Regarding the benchmark, I tried it out this evening and noticed a couple of things. First, the timing figures you quote above show a 23.4X slowdown, not 30X.

Second, I sped up the test by a factor of three by changing one rather simple thing. Ian's rule checking for hasattr(obj,"__json__") is unnecessary; I simply made jsonify_explicit the default and let it raise an error otherwise, since that's what happens anyway. (Making the same change to your version doesn't result in as much of a speedup, but I did it anyway so that it's an apples to apples comparison.)

Also, by doing a bit of profiling, I saw that much of the remaining difference in time comes from the fact that RuleDispatch's equivalent to isinstance() is still in Python, not C. So, I spent another 30 minutes or so whipping up a Pyrex version, and thus sped up the test by another factor of 2.

My final stats, having modified both your version and Ian's version to have the simpler logic, and using the C isinstance code, are 1.58 seconds for your hand-tuned version, vs. 2.88 seconds for the generic function version. (I used time.clock(), which is more accurate for timing purposes, and for both measurements I took the best of 3 runs.) So, the end result is that the generic function version takes about 1.37 times as long to run, which is not bad for stacking up against your hand-optimized code.

But this still isn't a fair comparison, since you proposed to extend the function via monkeypatching. So, I tested a simple version using only one level of monkeypatching:

def jsonify(obj):
    # @@: Should this match all iterables?
    if isinstance(obj, (list, tuple)):
        return jsonify_list(obj)
    return jsonify2(obj)

def jsonify2(obj):
    if isinstance(obj, (int, float, str, unicode)):
        return jsonify_simple(obj)
    elif isinstance(obj, dict):
        return jsonify_dict(obj)
    elif isinstance(obj, sqlobject.SQLObject):
        return jsonify_sqlobject(obj)
    elif isinstance(obj, sqlobject.SQLObject.SelectResultsClass):
        return jsonify_select_results(obj)
    return jsonify_explicit(obj)

This code runs in 2.91 seconds (best of 3), so it's already at breakeven compared to the generic function! So, I then added a Decimal case wrapper to both scripts, and reran the timings. Result: the monkeypatching version takes 3.88 seconds (best of 3), and the generic function version took 2.88 seconds - exactly the same as the case without Decimal. (I did not modify the test to actually include any Decimal values, but of course the monkeypatching approach slowed down anyway.)

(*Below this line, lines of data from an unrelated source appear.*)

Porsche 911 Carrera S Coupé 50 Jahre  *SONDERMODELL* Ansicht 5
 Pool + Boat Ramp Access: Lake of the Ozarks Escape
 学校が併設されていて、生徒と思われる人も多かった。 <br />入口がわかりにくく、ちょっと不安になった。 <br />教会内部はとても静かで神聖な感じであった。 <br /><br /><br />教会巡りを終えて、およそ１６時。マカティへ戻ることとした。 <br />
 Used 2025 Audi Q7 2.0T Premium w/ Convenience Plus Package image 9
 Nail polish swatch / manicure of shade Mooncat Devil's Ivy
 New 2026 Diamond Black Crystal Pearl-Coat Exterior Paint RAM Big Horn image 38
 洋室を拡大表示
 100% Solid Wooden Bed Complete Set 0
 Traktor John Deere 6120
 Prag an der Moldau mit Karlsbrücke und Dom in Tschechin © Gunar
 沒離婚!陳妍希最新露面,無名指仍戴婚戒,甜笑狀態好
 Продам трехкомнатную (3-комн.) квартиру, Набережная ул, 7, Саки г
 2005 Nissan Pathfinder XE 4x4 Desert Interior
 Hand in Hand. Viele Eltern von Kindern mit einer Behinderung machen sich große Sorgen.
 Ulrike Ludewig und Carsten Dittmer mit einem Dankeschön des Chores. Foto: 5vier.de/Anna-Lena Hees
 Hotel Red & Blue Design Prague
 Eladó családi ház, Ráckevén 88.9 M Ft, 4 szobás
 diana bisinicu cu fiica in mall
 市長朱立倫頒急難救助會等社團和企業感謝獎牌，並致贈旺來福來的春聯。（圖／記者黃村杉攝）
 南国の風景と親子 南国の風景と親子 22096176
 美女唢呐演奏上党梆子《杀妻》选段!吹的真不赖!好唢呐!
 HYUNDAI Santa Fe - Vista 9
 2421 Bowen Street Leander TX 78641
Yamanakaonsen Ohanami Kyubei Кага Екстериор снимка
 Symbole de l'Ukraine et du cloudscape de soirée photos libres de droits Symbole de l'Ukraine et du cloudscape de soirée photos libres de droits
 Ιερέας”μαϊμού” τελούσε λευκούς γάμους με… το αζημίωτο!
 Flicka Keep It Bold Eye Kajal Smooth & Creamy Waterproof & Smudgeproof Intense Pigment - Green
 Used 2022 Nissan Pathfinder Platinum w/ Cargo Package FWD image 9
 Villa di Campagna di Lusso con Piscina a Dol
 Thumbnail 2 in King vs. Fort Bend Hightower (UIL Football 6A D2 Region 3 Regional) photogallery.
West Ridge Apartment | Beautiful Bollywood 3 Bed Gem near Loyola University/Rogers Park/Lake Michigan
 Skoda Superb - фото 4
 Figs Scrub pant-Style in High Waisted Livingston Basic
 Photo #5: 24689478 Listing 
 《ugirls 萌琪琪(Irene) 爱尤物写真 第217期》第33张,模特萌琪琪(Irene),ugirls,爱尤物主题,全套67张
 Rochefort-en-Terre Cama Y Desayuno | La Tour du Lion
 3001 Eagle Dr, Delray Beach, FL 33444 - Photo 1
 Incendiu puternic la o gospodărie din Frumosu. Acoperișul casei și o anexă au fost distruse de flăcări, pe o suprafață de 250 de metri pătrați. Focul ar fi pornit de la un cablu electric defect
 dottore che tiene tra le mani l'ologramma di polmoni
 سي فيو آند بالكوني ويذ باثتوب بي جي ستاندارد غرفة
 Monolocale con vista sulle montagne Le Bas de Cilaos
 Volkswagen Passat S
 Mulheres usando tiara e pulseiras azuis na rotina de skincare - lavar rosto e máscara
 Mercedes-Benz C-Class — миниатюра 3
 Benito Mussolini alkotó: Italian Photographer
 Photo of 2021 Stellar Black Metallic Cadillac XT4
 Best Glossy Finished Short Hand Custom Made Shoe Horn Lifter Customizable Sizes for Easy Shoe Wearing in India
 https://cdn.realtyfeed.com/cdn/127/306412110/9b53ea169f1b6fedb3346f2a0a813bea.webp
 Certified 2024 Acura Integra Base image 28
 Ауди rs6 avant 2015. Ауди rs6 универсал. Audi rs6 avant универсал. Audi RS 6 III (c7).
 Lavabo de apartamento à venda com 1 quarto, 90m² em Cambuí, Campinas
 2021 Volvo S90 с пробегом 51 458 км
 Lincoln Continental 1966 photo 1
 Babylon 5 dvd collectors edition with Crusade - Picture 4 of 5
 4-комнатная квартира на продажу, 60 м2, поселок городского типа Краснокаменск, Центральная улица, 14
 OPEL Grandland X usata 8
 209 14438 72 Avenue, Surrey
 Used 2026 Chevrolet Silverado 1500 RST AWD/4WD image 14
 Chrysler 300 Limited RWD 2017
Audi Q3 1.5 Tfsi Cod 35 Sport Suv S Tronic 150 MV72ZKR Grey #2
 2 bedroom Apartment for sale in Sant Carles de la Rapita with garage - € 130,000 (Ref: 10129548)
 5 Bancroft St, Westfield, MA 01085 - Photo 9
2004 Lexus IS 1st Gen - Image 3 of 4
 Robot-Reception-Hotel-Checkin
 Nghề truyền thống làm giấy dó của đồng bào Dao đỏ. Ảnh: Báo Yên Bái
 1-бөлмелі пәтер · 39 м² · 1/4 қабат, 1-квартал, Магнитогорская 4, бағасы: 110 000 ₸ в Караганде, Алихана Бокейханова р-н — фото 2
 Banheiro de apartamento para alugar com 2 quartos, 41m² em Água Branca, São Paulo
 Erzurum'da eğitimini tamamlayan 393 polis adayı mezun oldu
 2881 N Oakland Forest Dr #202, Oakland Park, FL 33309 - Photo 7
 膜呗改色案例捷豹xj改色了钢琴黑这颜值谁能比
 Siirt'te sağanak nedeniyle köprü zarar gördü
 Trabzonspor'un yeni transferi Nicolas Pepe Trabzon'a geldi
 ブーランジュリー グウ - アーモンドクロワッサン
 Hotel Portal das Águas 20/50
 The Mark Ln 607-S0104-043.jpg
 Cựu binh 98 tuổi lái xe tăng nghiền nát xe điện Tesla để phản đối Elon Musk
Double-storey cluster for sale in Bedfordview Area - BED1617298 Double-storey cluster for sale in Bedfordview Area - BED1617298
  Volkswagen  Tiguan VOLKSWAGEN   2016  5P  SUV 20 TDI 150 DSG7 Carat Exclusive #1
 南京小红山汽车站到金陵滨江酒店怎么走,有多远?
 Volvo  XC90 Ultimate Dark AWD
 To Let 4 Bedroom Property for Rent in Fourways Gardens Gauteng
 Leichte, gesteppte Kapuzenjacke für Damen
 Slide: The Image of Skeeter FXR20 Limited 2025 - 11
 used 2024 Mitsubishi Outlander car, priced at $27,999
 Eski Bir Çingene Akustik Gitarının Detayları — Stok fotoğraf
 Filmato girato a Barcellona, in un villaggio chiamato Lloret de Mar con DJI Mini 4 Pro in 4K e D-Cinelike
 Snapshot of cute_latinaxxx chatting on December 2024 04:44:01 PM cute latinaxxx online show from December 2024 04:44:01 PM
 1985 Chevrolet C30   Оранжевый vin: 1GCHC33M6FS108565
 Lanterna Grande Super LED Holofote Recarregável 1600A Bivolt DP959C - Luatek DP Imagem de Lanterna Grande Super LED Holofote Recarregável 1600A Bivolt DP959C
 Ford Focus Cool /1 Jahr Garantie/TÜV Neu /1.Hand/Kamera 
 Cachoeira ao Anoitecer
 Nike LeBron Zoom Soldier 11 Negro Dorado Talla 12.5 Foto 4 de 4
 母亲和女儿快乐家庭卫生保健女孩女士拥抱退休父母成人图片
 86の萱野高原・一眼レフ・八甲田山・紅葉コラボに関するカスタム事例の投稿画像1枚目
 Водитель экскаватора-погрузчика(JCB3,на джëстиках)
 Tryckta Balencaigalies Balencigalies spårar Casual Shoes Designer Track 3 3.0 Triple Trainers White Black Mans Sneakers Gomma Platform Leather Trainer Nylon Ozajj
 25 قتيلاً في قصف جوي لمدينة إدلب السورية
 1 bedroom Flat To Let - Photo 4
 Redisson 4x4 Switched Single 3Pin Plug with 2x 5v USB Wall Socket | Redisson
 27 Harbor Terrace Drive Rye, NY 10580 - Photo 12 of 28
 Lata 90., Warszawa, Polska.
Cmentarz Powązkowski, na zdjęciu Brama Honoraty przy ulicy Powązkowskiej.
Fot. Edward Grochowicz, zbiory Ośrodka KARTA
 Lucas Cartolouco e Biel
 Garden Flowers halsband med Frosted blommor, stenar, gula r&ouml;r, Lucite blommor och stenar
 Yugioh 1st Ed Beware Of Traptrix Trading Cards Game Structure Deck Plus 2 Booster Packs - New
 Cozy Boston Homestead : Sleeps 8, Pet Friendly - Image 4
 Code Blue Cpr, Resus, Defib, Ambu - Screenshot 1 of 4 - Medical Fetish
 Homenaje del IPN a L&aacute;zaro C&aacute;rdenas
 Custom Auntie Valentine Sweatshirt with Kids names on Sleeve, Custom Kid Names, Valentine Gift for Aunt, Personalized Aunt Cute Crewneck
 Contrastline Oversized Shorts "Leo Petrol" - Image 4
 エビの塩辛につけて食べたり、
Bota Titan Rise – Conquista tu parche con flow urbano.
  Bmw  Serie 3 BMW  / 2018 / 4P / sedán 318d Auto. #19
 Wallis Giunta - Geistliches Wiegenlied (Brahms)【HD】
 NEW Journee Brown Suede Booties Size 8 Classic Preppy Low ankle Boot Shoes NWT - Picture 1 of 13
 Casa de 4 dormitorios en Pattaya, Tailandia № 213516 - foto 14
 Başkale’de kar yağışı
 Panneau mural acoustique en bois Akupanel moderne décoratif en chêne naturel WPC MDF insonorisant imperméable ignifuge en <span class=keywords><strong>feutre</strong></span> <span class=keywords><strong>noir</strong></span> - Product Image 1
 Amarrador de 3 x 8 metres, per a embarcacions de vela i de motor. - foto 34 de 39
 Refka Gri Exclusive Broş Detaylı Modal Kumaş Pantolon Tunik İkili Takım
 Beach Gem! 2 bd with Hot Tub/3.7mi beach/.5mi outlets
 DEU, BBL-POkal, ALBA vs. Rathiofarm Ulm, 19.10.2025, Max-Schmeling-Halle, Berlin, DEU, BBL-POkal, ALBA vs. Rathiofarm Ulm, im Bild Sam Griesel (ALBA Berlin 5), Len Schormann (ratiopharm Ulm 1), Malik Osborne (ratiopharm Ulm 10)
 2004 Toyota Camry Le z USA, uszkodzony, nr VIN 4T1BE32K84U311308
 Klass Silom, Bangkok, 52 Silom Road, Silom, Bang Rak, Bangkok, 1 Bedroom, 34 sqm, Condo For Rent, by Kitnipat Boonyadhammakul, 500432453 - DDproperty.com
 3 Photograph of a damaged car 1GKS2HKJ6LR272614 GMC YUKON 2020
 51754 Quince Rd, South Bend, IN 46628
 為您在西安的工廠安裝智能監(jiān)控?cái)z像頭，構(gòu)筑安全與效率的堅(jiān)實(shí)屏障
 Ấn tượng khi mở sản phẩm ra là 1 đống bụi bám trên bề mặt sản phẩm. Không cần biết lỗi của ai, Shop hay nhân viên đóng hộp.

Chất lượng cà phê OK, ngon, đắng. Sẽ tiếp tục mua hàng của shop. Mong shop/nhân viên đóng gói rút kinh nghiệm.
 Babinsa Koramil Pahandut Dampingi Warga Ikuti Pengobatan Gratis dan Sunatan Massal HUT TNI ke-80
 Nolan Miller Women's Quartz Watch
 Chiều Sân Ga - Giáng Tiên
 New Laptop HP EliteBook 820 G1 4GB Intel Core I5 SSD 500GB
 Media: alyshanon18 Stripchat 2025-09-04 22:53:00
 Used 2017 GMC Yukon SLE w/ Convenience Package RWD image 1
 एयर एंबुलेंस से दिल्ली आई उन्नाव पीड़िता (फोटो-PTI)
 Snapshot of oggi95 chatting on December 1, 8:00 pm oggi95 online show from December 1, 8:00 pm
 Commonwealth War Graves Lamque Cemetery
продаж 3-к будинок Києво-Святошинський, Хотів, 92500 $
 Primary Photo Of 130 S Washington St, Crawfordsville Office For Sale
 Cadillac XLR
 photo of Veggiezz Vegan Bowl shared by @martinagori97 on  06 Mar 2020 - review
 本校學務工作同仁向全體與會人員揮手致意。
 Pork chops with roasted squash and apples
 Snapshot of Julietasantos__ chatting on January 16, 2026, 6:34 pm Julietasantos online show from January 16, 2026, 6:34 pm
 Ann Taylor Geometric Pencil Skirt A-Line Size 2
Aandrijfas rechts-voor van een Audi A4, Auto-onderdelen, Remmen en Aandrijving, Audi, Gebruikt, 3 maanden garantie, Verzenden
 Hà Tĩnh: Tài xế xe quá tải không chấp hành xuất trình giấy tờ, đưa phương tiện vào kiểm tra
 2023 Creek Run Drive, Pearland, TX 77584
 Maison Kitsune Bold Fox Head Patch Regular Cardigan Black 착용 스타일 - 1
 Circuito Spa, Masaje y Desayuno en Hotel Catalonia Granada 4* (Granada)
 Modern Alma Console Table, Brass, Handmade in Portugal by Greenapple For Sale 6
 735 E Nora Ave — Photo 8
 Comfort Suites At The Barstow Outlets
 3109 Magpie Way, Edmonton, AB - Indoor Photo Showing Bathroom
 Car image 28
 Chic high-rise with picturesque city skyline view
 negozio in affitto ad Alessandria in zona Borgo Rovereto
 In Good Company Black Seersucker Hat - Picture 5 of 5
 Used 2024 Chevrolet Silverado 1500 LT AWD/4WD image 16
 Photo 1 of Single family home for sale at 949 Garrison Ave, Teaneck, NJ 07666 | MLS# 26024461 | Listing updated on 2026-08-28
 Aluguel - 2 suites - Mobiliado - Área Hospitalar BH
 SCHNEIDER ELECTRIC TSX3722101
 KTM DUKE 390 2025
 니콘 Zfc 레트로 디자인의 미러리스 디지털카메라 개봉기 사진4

Anyway, it appears that as soon as you monkeypatch more than once or twice for something like this, generic functions will start coming out ahead. And if they don't, you can always post the results on a blog somewhere and I'll tune up the implementation so that they do come out ahead. ;)

(The C speedup for isinstance() checks is now in the RuleDispatch SVN version, by the way.)

Comment on Re: Firsttryatgenericfunctions comment 000
by Phillip J. Eby

Comments:

I am glad you have sped up your generic functions. If they can be within 5-10x of the if/else method, generic functions become much more worthwhile imho. At 1.3x the speed they become awesome!

Can you please post the code to your changes so that I can verify them?

btw, my version was not 'hand optimized'. I copy-pasted the rules from the other version. Your version is hand optimized... changing the rules, and adding a C version for some rules. By changing the order of the __json__ changed the behaviour of the code. Possibly breaking it in circumstances(when an sql object sqlobject.SQLObject.SelectResultsClass has a __json__ method).

Or did I get the way the rules work wrong? I assumed they would be tested from first declared to last declared.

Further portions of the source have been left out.